AKP hükümeti, AB’nin Türkiye politikalarının yürütülmesi açısından çok
önemli. AKP ile AB arasında iyi bir “alışveriş dengesi” kurulmuş; sen
beni kolla, ben de senin istediklerini bir bir vereyim…

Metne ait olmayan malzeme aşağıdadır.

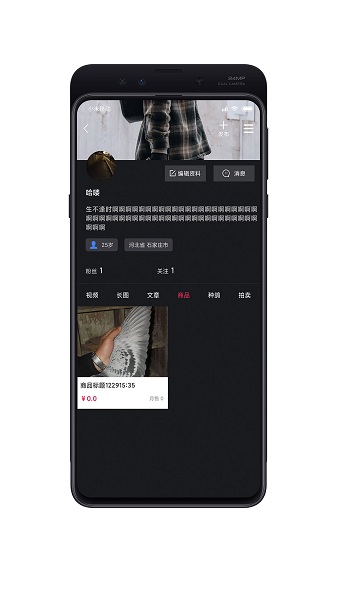 뱨app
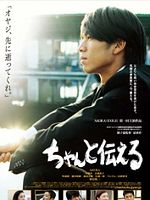 Poster der Be Sure to Share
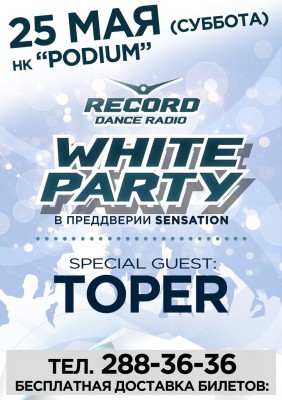 25 мая в клубе PODIUM пройдет официальное pre-party мирового танцевального события в России SENSATION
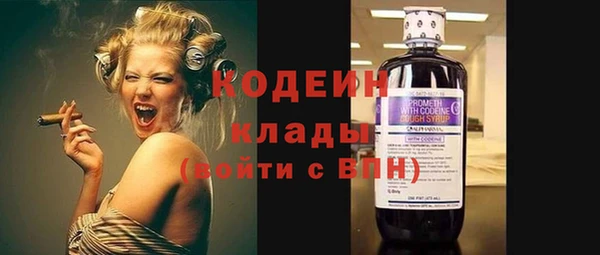 ALPHA PVP Алексеевка
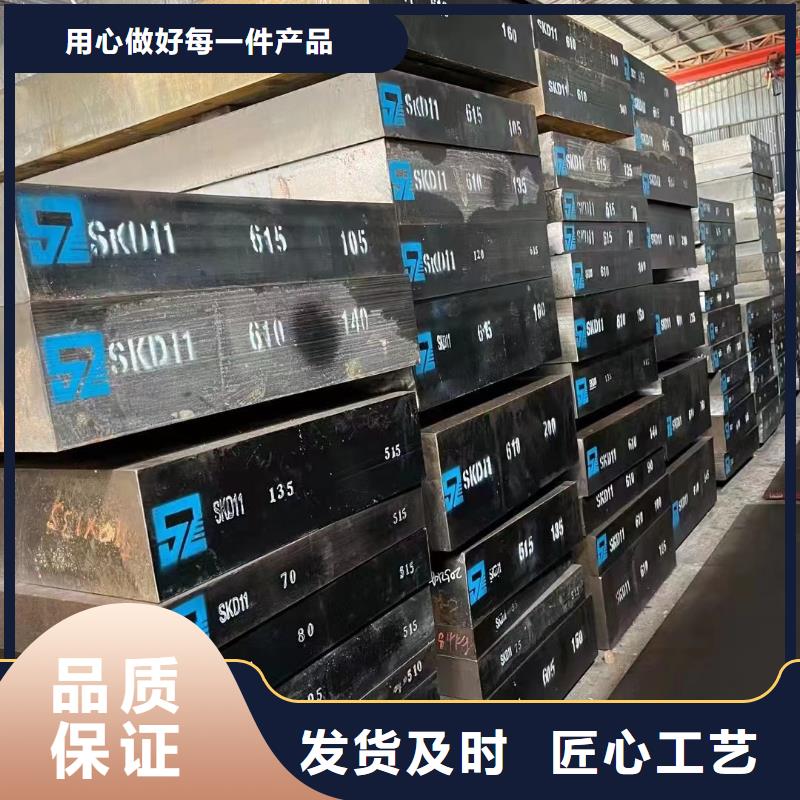 【耐候钢板】_热轧方钢产品细节参数同城经销商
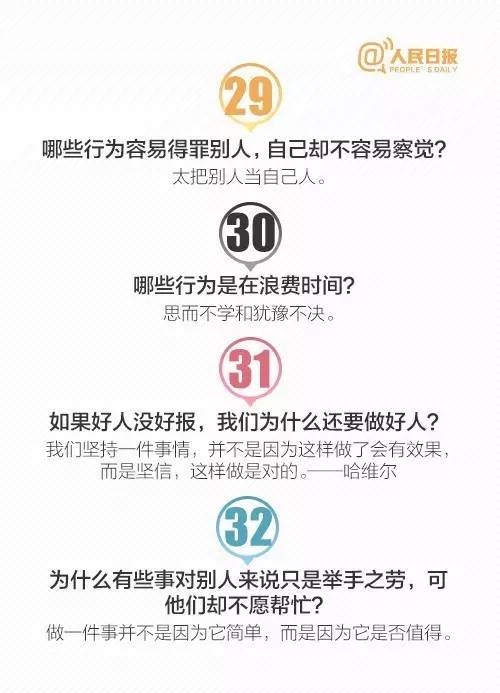 微信图片_20170811102937.jpg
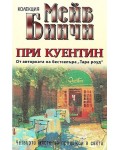 При Куентин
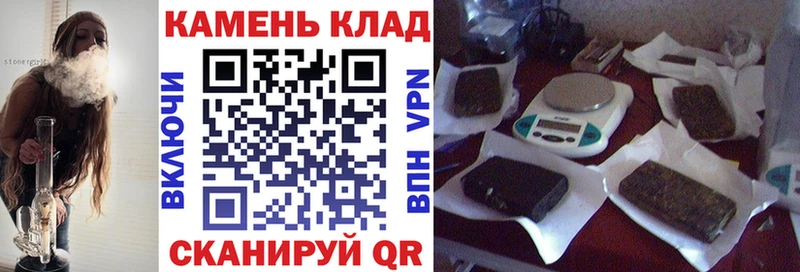 Купить где  Белая Калитва  ГАШ ice o lator 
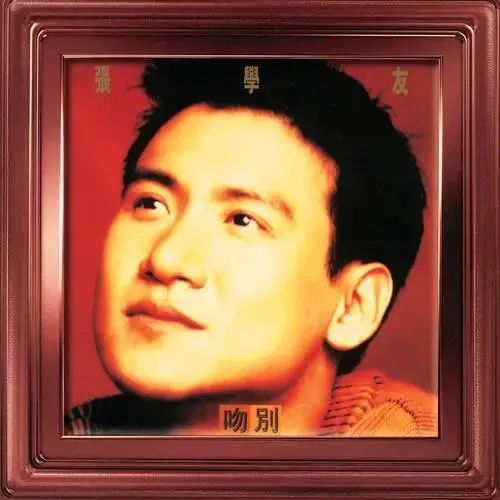 刘德华全集歌曲曲谱图片_刘德华歌曲曲谱全集_刘德华歌曲歌谱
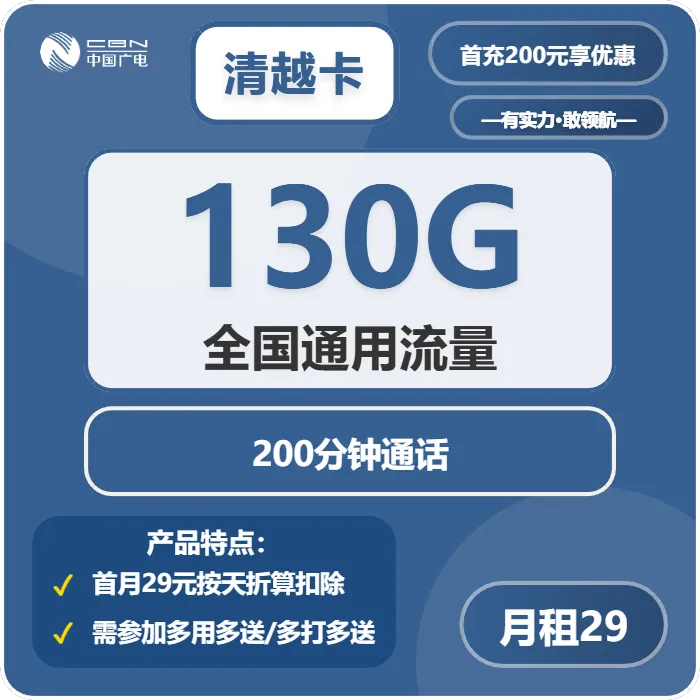 2026年03月下旬福建流量卡办理：如何挑选最适合的福建流量卡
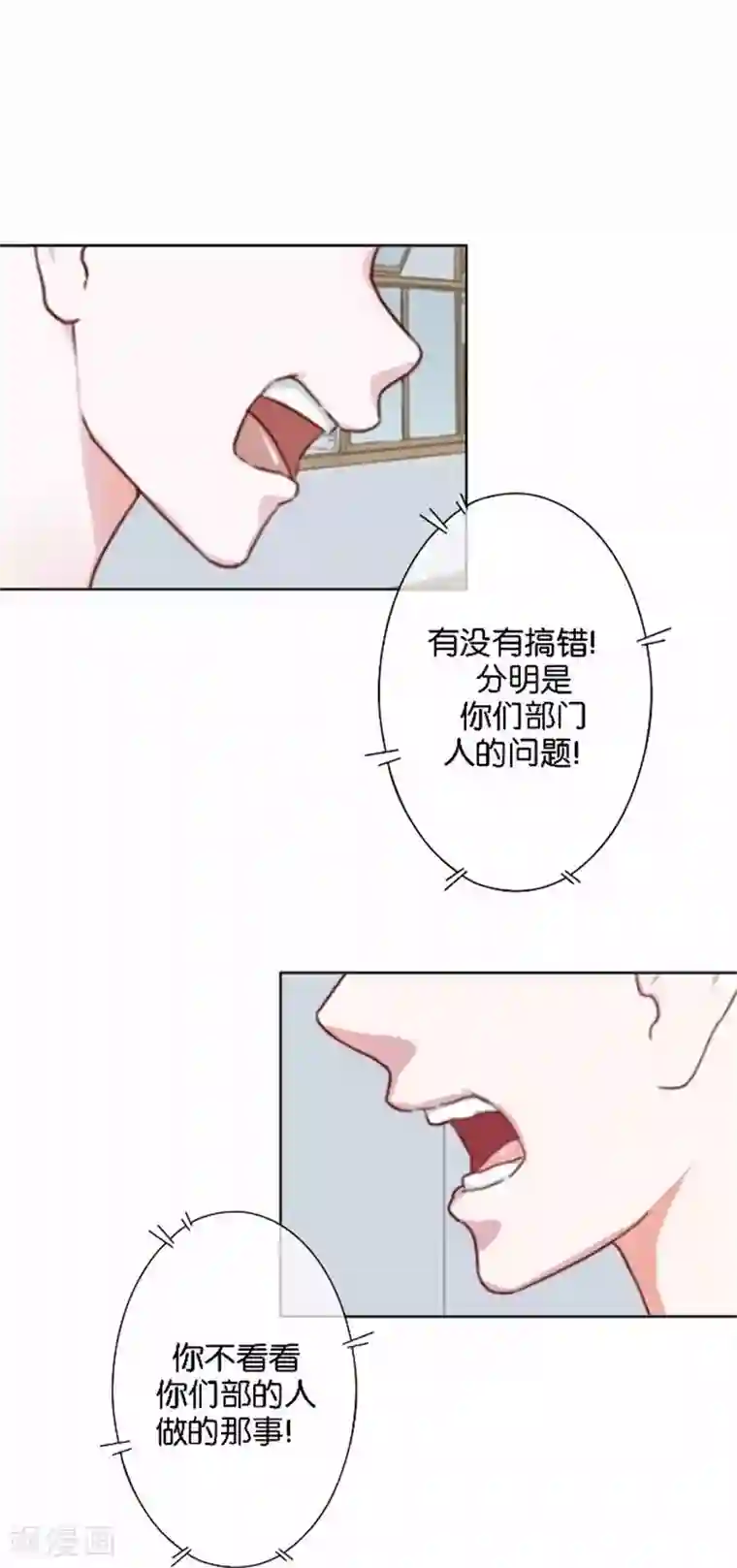 人偶游戏第31话 我想要的人生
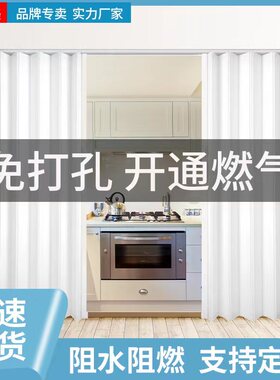 PVC折叠门燃气验收免打孔临时开放式厨房推拉商铺隔断厕所简易门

İşte Barroso “dava açılmasının ardından” bu ortamın bozulmaması, AB
sürecinin aksamaması için geldi. Tabii ki “AB sürecini” yürütecekler,
süreç kesilirse Türkiye’nin sömürgeleştirilmesi ve ayrıştırılması aksar,
bunu istemezler.
Daha önce de birkaç kritik kopma noktasında Brüksel’in patronları
devreye girdiler:
- 6 Mart 1995′te “AB’ye alınmayacak olan Türkiye’nin gümrüklerinin ve
üçüncü ülkelerle ilişkilerinin ipotek altına alınması için”

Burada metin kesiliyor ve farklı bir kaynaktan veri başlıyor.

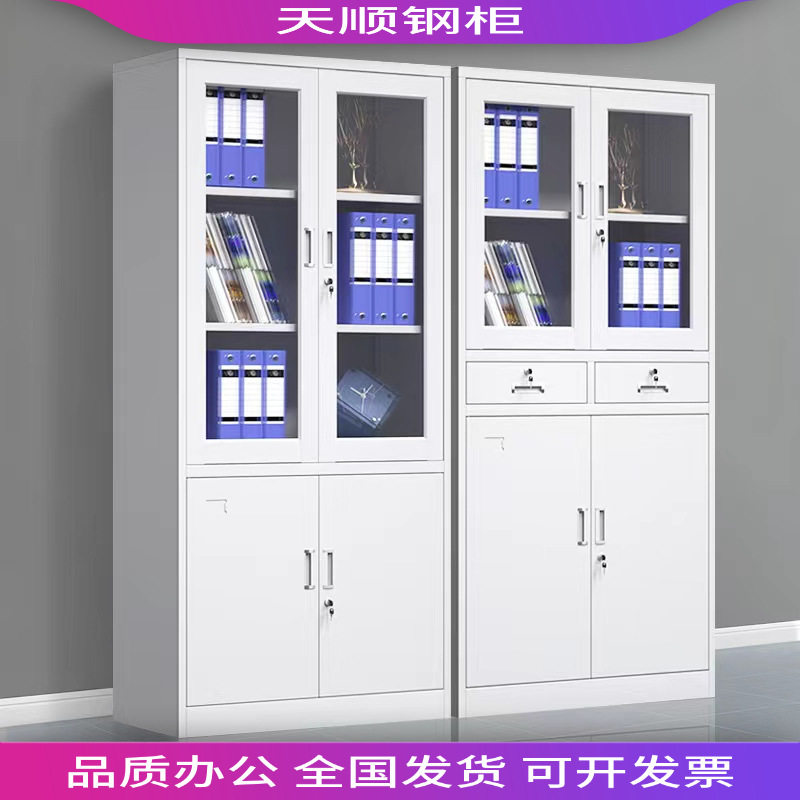 带锁铁皮柜收纳柜大器械文件柜办公室资料柜档案柜会计收纳柜财务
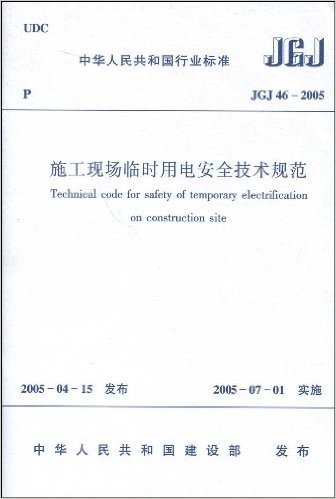 JGJ 46-2005 施工现场临时用电安全技术规范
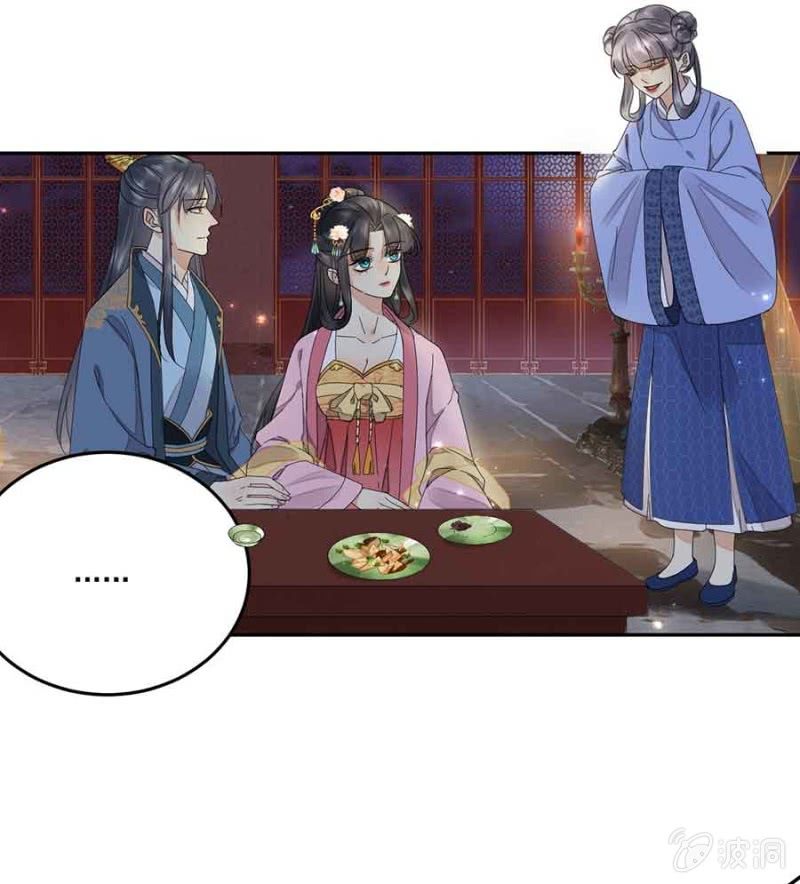浴火毒女韩漫全集-已经想好了无删减无遮挡章节图片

devredeydiler. Yalnız Brüksel değil Washington da devredeydi. İşin
Washington ayağını, bugün Kürdistan projesini yürüten Richard Holbrooke
üslenmişti.
- Aralık 1999′da, “Koşullu adaylığı kabul etmem” diyen Ecevit‘i bu
göstermelik adaylığa sokmak için, Brüksel’in patronları Helsinki’den
gece yarıları apar topar Ankara’ya üşüştüler. Ankara’daki kimi
taşeronları ile Ecevit’e yüklendiler ve onu pes ettirdiler. Amaçları,
“Türkiye’yi AB’nin yedeğine almaktı”. Ecevit, “İçime sindiremedim…”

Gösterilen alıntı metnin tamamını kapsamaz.